Dumping SmartOS boot zpool when booting from harddisk
Read first
Before reading this article you would find useful to become familiar with this other two:
Problem to solve
The steps described in previous articles create a SmartOS installation booting from the harddisk instead the regular boot from a CD, a DVD, a USB pendrive or PXE. This is useful when managing remote machines with no physical access. You must be careful, though, since a mistake in the manipulation of the boot zpool can leave the machine offline with a slow and painful recovery procedure.
For my personal needs (servers hosted in a remote datacenter), my approach for boot recovery would be to restart the server with the rescue mode facilities of the datacenter using an Operating system with ZFS support. That would be enough to mount the harddisk and correct any misconfiguration.
This approach is fine 99.9% of the time, but it doesn't work (easily) if there is an issue in early boot stages, like a corruption of GRUB, bad upgrading of GRUB (trying, for instance, to support features available in new ZFS releases) or if you want to upgrade to new Illumos loader, enable ZFS encryption, etc.
We need a fast way to recover the machine if something goes wrong in the early boot stage.
Since in my case the boot ZFS zpool is only 1 GB in size, what about just dumping the harddisk datablocks as a file in another server? With gigabit data speed, you can rewrite 1 GB in ten seconds. Booting in rescue mode and typing the appropriate commands would be the slow part!

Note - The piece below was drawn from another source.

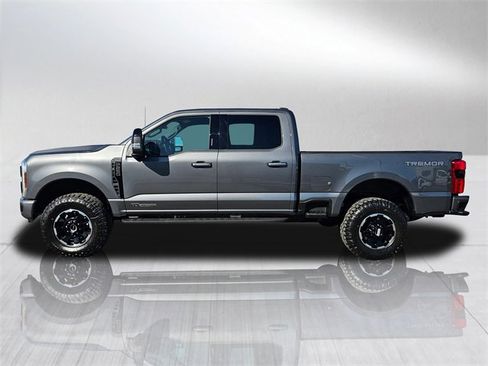 New 2026 Ford F250 Platinum w/ Tremor Off-Road Package image 3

Identifying GRUB area and ZFS boot zpool
The following instructions can be done safely in the Solaris global zone while the machine is in production.
-
Let's see the Solaris harddisk partitions:
[root@xXx ~]# fdisk /dev/rdsk/c1t0d0 Total disk size is 60800 cylinders Cylinder size is 96390 (512 byte) blocks Cylinders Partition Status Type Start End Length % ========= ====== ============ ===== === ====== === 1 EFI 0 60799 60800 100 SELECT ONE OF THE FOLLOWING: 1. Create a partition 2. Specify the active partition 3. Delete a partition 4. Change between Solaris and Solaris2 Partition IDs 5. Edit/View extended partitions 6. Exit (update disk configuration and exit) 7. Cancel (exit without updating disk configuration) Enter Selection:
Here we see that the harddisk contains a single EFI partition spanning all of it.
Nota
This machine has two harddisks with the same partitioning. I only show one for brevity.
-
Under Solaris and derivatives, there is a second nested partitioning schema called slices:
[root@xXx ~]# format /dev/rdsk/c1t0d0p0 selecting /dev/rdsk/c1t0d0p0 [disk formatted] /dev/dsk/c1t0d0s0 is part of active ZFS pool arranque. Please see zpool(1M). /dev/dsk/c1t0d0s1 is part of active ZFS pool zones. Please see zpool(1M). FORMAT MENU: disk - select a disk type - select (define) a disk type partition - select (define) a partition table current - describe the current disk format - format and analyze the disk fdisk - run the fdisk program repair - repair a defective sector label - write label to the disk analyze - surface analysis defect - defect list management backup - search for backup labels verify - read and display labels inquiry - show vendor, product and revision volname - set 8-character volume name !<cmd> - execute <cmd>, then return quit format> p PARTITION MENU: 0 - change `0' partition 1 - change `1' partition 2 - change `2' partition 3 - change `3' partition 4 - change `4' partition 5 - change `5' partition 6 - change `6' partition expand - expand label to use whole disk select - select a predefined table modify - modify a predefined partition table name - name the current table print - display the current table label - write partition map and label to the disk !<cmd> - execute <cmd>, then return quit partition> p Current partition table (original): Total disk sectors available: 5860516717 + 16384 (reserved sectors) Part Tag Flag First Sector Size Last Sector 0 usr wm 34 1.00GB 2097185 1 usr wm 2097186 2.73TB 5860516750 2 unassigned wm 0 0 0 3 unassigned wm 0 0 0 4 unassigned wm 0 0 0 5 unassigned wm 0 0 0 6 unassigned wm 0 0 0 8 reserved wm 5860516751 8.00MB 5860533134 partition>
Nota
Notice that we are listing the slices in the first (and only) EFI partition of the harddisk. That is the reason we write /dev/rdsk/c1t0d0p0: the first partition of the disk /dev/rdsk/c1t0d0.
We can see this:
- There are 34 (not really) free sectors at the beginning of the partition. This is reserved space for the boot system. ZFS doesn't need it because it provides its own boot area, but GRUB will be installed there by default. This is legacy, my friends.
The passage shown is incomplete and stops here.